PROMPT: Reproduce all the entries exactly and keep the pictures out.

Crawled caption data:
------------------------------

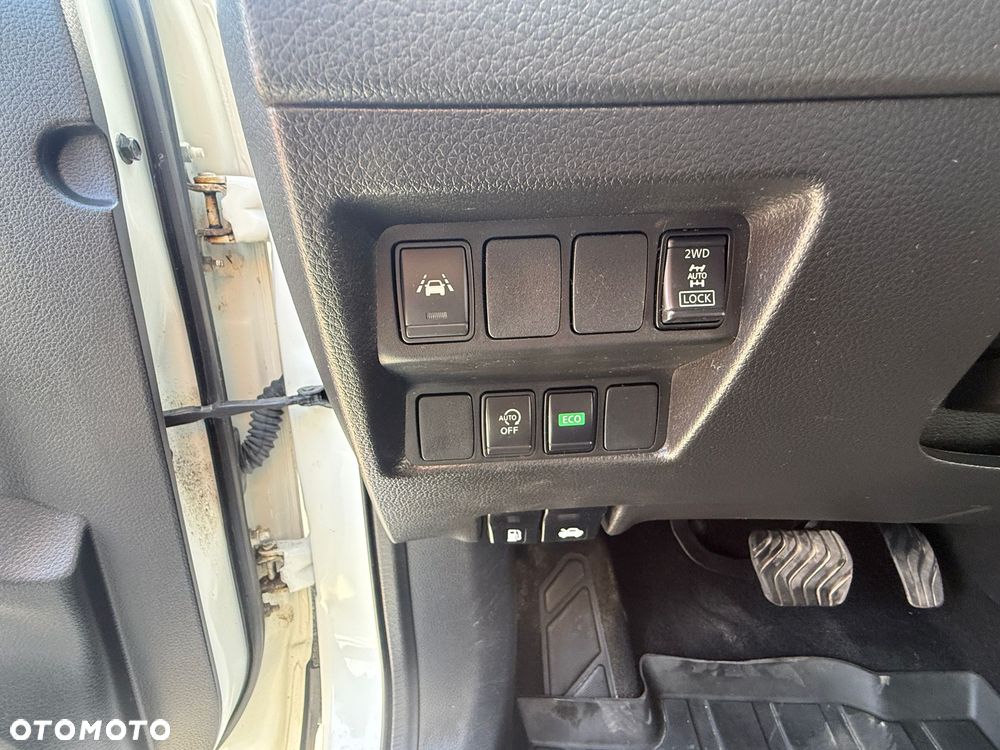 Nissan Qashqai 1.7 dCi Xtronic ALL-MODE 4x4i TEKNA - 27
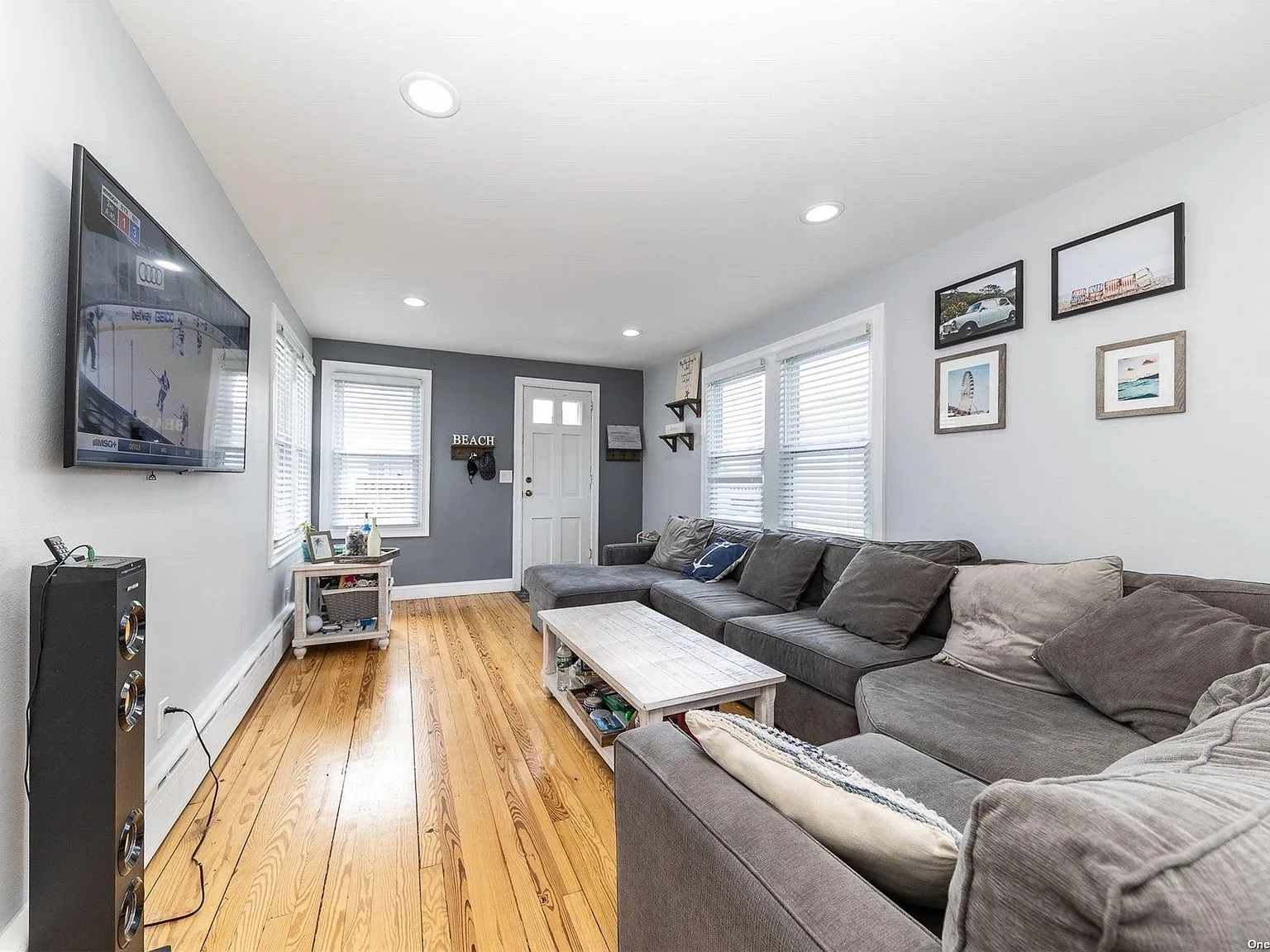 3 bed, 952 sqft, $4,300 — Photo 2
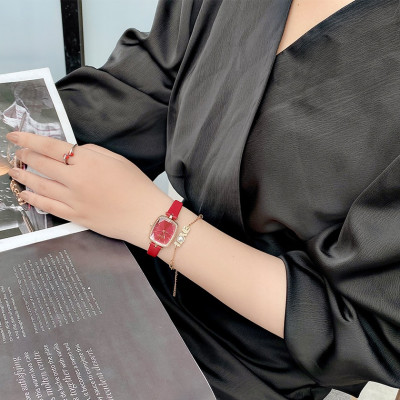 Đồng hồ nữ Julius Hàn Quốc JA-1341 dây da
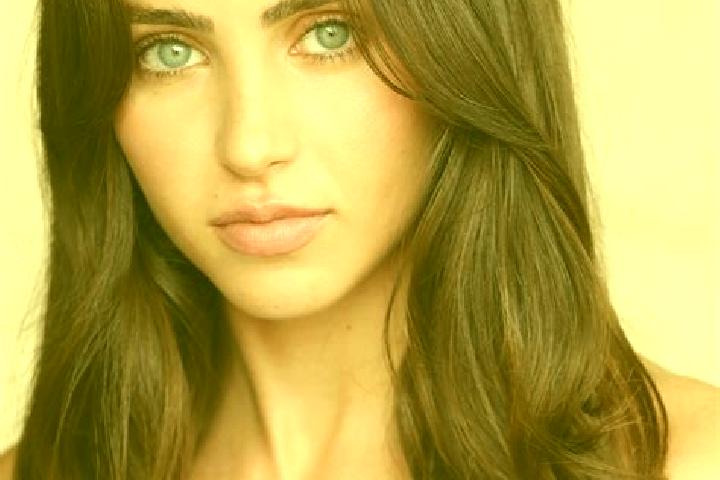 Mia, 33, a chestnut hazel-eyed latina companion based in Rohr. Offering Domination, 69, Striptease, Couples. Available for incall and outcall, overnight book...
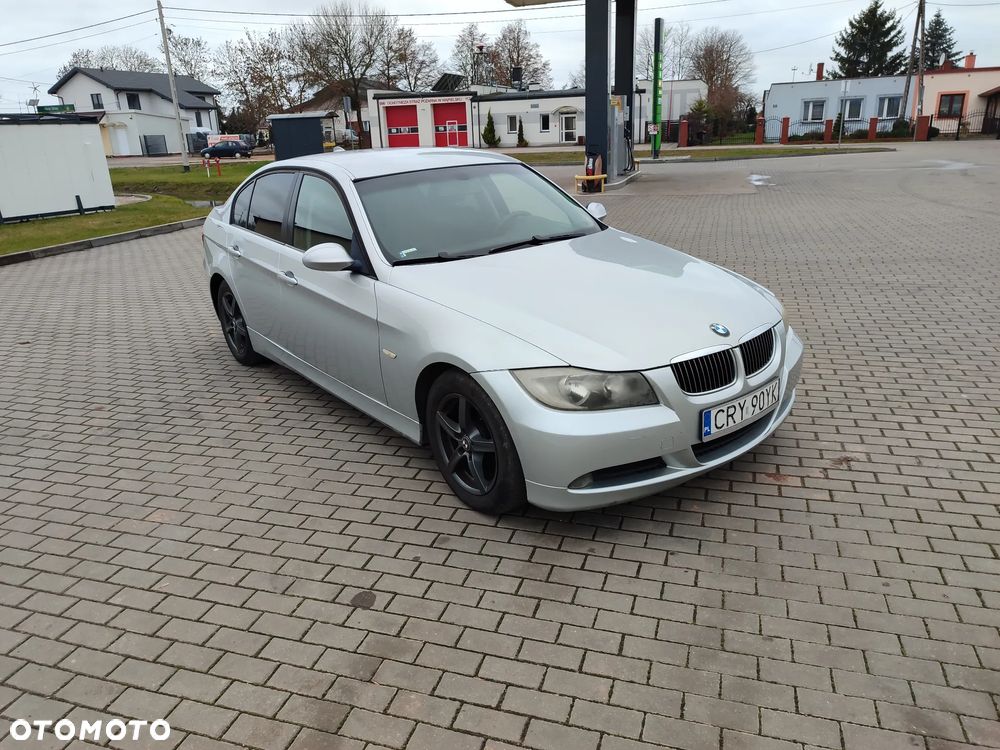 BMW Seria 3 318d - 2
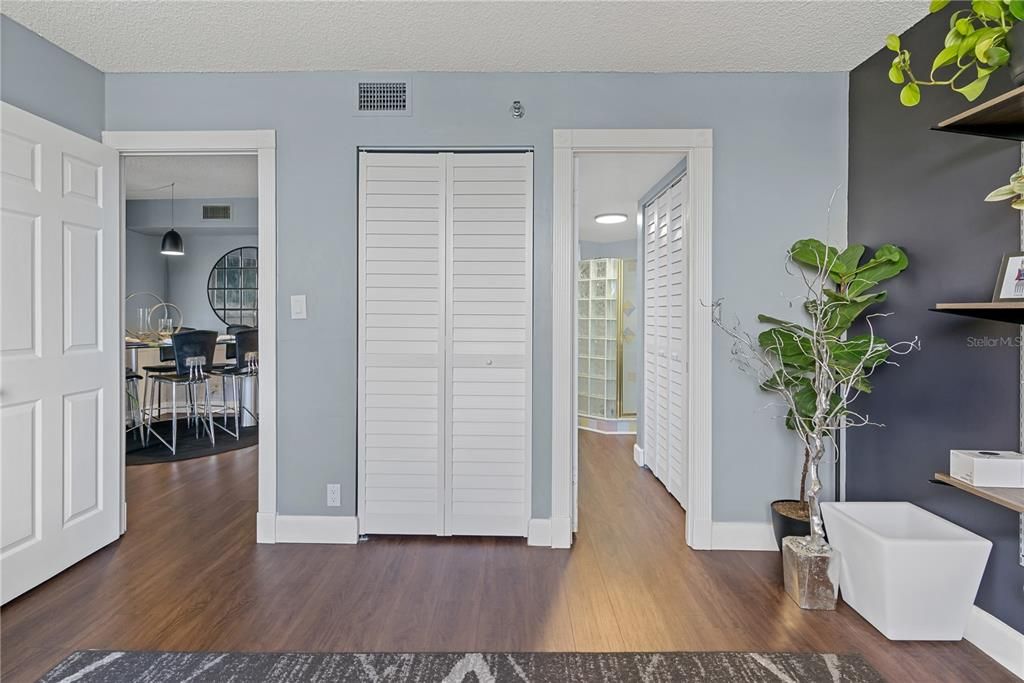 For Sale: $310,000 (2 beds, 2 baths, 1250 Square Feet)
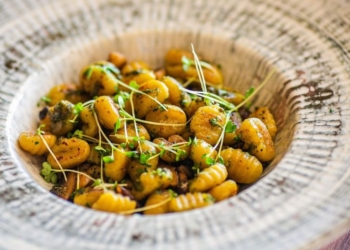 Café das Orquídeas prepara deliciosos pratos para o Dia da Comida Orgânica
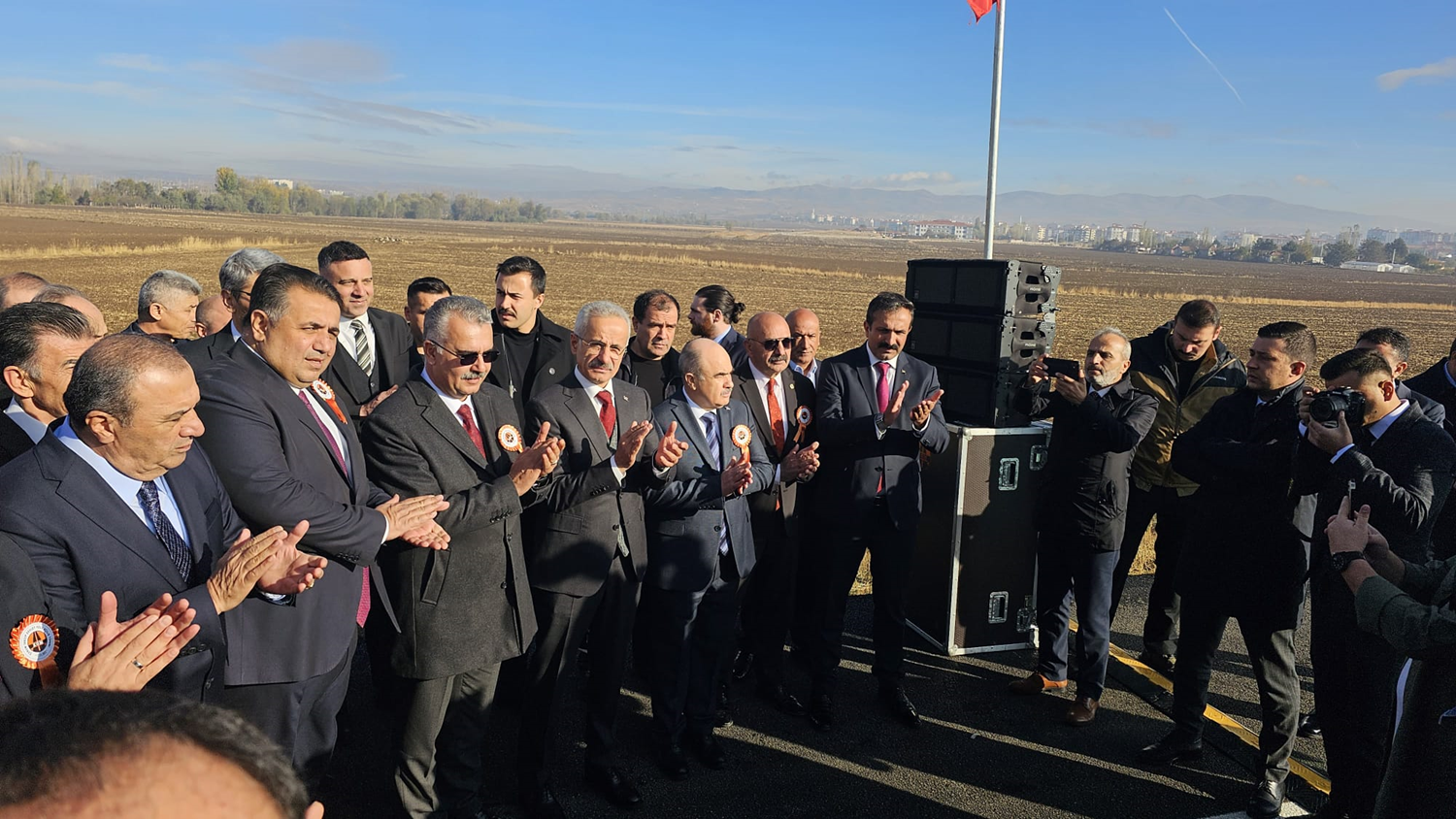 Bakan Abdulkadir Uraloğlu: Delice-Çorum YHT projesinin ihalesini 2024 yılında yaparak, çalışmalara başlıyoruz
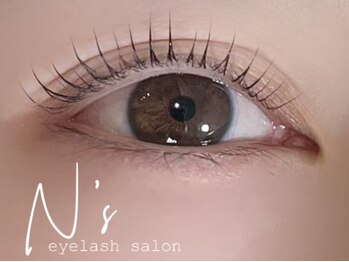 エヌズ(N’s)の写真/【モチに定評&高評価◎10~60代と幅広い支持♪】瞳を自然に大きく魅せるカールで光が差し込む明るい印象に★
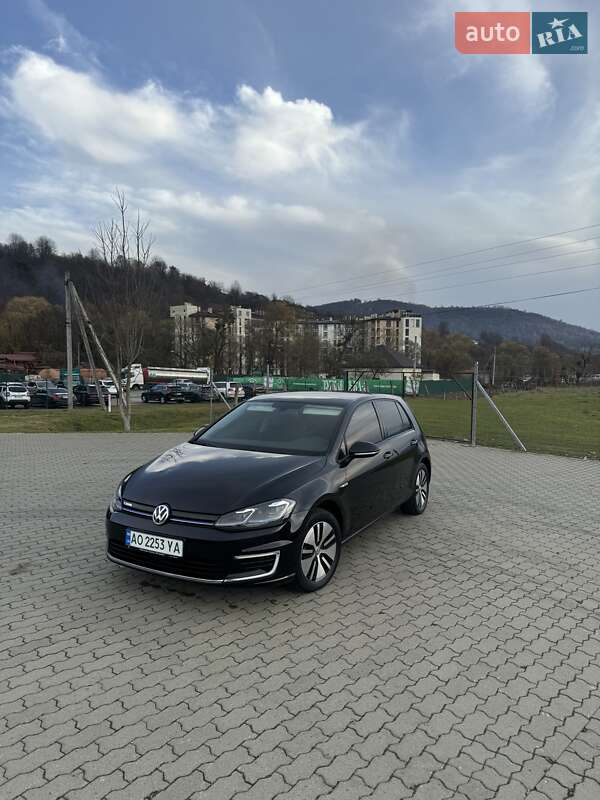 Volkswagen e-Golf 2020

------------------------------

WRITTEN ANSWER:
 Nissan Qashqai 1.7 dCi Xtronic ALL-MODE 4x4i TEKNA - 27
 3 bed, 952 sqft, $4,300 — Photo 2
 Đồng hồ nữ Julius Hàn Quốc JA-1341 dây da
 Mia, 33, a chestnut hazel-eyed latina companion based in Rohr. Offering Domination, 69, Striptease, Couples. Available for incall and outcall, overnight book...
 BMW Seria 3 318d - 2
 For Sale: $310,000 (2 beds, 2 baths, 1250 Square Feet)
 Café das Orquídeas prepara deliciosos pratos para o Dia da Comida Orgânica
 Bakan Abdulkadir Uraloğlu: Delice-Çorum YHT projesinin ihalesini 2024 yılında yaparak, çalışmalara başlıyoruz
 エヌズ(N’s)の写真/【モチに定評&高評価◎10~60代と幅広い支持♪】瞳を自然に大きく魅せるカールで光が差し込む明るい印象に★
 Volkswagen e-Golf 2020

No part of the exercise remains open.